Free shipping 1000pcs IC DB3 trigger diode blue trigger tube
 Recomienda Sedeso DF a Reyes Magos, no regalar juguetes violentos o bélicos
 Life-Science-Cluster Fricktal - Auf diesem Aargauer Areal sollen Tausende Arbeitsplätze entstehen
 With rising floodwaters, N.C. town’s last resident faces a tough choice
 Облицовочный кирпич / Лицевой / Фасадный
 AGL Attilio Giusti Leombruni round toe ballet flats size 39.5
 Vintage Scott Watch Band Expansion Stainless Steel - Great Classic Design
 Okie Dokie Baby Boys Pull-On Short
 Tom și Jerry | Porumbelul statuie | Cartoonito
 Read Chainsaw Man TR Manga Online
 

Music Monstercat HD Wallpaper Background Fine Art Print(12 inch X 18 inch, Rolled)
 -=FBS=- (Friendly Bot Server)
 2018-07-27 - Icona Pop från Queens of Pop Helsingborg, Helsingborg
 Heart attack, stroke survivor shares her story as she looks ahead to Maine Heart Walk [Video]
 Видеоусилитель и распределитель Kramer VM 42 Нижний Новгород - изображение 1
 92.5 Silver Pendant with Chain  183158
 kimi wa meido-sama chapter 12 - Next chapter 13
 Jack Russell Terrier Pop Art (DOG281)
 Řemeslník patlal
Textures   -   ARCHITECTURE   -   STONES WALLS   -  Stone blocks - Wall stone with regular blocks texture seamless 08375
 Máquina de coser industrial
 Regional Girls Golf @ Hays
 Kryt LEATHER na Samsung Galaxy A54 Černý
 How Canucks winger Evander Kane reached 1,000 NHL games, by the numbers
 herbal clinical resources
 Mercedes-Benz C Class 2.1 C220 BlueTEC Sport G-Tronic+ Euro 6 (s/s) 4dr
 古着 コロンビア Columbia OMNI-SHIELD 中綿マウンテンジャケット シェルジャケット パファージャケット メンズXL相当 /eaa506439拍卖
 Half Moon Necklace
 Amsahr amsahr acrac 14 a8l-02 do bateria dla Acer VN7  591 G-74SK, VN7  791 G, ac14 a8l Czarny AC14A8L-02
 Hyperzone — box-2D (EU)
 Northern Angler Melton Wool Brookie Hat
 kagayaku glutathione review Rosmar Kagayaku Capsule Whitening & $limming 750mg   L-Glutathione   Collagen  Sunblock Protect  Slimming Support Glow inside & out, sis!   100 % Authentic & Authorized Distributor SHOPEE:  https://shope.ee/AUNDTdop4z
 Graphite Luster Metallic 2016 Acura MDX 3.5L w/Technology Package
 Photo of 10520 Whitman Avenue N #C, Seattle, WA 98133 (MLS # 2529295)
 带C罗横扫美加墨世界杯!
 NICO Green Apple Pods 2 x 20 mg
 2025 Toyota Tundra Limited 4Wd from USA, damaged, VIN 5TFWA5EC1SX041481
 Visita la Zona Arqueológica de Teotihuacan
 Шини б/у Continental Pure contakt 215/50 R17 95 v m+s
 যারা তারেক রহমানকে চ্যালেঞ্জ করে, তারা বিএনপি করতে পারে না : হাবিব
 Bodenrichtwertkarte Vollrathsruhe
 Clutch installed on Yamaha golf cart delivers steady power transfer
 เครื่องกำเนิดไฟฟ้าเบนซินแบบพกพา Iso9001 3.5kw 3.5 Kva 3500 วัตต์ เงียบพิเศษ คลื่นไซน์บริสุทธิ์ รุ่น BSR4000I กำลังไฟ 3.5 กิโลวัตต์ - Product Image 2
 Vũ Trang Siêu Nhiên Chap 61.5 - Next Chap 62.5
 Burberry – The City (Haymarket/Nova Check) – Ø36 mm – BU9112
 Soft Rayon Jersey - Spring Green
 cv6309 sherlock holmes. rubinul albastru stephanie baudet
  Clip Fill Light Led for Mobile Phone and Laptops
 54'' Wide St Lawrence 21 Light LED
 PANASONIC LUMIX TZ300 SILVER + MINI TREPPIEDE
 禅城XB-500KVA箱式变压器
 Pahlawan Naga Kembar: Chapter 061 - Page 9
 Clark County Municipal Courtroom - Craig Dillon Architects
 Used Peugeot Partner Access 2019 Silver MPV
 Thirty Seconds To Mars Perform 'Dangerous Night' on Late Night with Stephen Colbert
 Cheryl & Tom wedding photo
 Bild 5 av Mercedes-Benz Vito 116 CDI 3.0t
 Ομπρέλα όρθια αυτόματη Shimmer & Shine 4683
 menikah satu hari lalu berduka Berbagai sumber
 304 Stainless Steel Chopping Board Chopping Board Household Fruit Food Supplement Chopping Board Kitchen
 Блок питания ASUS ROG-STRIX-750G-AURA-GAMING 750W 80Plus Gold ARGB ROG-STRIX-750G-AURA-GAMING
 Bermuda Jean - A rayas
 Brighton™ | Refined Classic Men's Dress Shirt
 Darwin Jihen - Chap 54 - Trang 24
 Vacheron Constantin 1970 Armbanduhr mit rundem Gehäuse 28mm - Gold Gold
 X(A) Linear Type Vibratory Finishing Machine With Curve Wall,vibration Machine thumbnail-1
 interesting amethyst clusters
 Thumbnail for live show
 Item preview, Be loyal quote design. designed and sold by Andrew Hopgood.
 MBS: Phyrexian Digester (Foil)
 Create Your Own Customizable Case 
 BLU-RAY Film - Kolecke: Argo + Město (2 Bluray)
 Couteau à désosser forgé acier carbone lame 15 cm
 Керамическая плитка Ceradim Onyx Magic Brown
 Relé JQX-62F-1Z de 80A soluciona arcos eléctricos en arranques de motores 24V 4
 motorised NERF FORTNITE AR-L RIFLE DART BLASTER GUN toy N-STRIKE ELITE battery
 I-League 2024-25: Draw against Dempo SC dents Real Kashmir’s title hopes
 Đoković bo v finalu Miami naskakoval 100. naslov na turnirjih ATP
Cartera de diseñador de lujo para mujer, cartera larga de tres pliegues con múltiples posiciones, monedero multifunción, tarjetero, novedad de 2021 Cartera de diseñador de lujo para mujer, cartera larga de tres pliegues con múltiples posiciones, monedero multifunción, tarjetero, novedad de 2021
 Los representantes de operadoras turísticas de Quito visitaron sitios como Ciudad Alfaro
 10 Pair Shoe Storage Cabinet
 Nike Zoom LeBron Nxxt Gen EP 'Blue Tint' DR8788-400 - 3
# # #
Action item
From the line containing "motorised NERF FORTNITE" to the final line above, output everything. Change nothing and add nothing.

Completed exercise
 motorised NERF FORTNITE AR-L RIFLE DART BLASTER GUN toy N-STRIKE ELITE battery
 I-League 2024-25: Draw against Dempo SC dents Real Kashmir’s title hopes
 Đoković bo v finalu Miami naskakoval 100. naslov na turnirjih ATP
Cartera de diseñador de lujo para mujer, cartera larga de tres pliegues con múltiples posiciones, monedero multifunción, tarjetero, novedad de 2021 Cartera de diseñador de lujo para mujer, cartera larga de tres pliegues con múltiples posiciones, monedero multifunción, tarjetero, novedad de 2021
 Los representantes de operadoras turísticas de Quito visitaron sitios como Ciudad Alfaro
 10 Pair Shoe Storage Cabinet
 Nike Zoom LeBron Nxxt Gen EP 'Blue Tint' DR8788-400 - 3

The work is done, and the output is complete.